Ogólna opinia: moje drugie dzikie piwo (po gueuze); sprawiło na mnie dobre wrażenie i myślę, że kiedyś jeszcze wrócę w te dzikie klimaty.Chamstwo w państwie, Panie.
Comment
-
-
Moje trzecie podejście do lambika, tym razem nieowocowy.
Kolor: zamglony bursztyn, piana beżowa, szybko znika
W zapachu dość słodkie, złożona owocowość(gruszka, jabłko, brzoskwinia), wyraźna stajnia.
Smak: średnia słodycz, cierpkie, wyraźny kwasek, surowa śliwka, lekka goryczka; w smaku dzieje się więcej, ale nie jestem w stanie tego opisać.

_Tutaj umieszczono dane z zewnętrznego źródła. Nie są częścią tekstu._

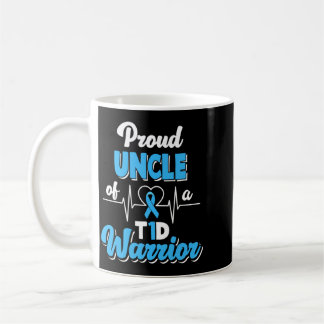 Caneca De Café Tio Orgulhoso de um Guerreiro T1d Diabético Mascul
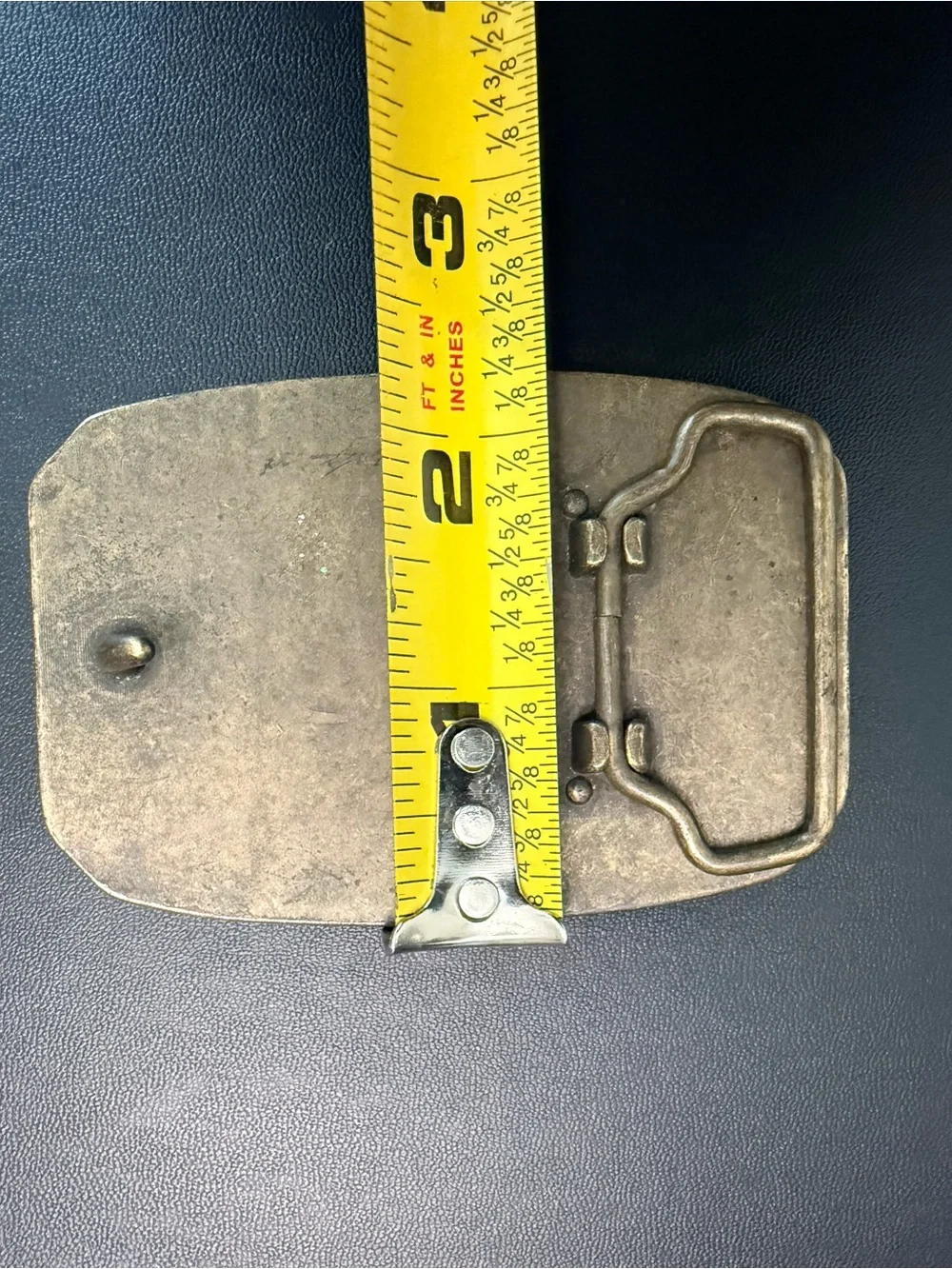 Vintage AM. EAGLE CO. Solid Brass Wilderness Belt Buckle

Smaczne piwo, słodycz tym razem była znośna(po krieku i framboise Lindemansa), pozytywnie zaskoczyła mnie złożoność smaku i aromatu, których nawet nie potrafię dokładnie opisać. Po tym piwie jestem pewny, że lambiki to mój styl.
Comment
-
-
KOLOR: bursztynowy z lekkim zmętnieniem.
PIANA: jasnobeżowa, drobnopęcherzykowa, średnio obfita, trwała.
ZAPACH: nuty winne, szampańskie, "dzikie", owocowe i delikatnie kwiatowe. Przyjemny, złożony aromat.
SMAK: zaskakująco pełne w smaku, zapewne za sprawą sporej słodyczy. Jest też wyraźnie kwaśna nuta, dzika, lekka owocowość i delikatna goryczka na finiszu.
WYSYCENIE: średnie.
OGÓLNIE: ciekawe piwo, warte spróbowania. Butelka o pojemności 0,25L, termin do 05/07/2019.604 piw (Polska: 366, Czechy: 93, Belgia: 71, pozostałe: 74). Razem 216 browarów z 19 krajów.
Comment
-
-
Pierwotnie zamieszczone przez Użytkownika grodek Wyświetlenie odpowiedzi...OGÓLNIE: ciekawe piwo, warte spróbowania...
Lacing - nic.
Barwa - jasny bursztyn.
Gaz - średni.
Aromat - bardzo przyjemna rześkość belgijska.
Smak - rześka "Belgia", fajna owocowość. Goryczki prawie nie ma.
Fajny lambiczek i zgadzam się z przedmówcą.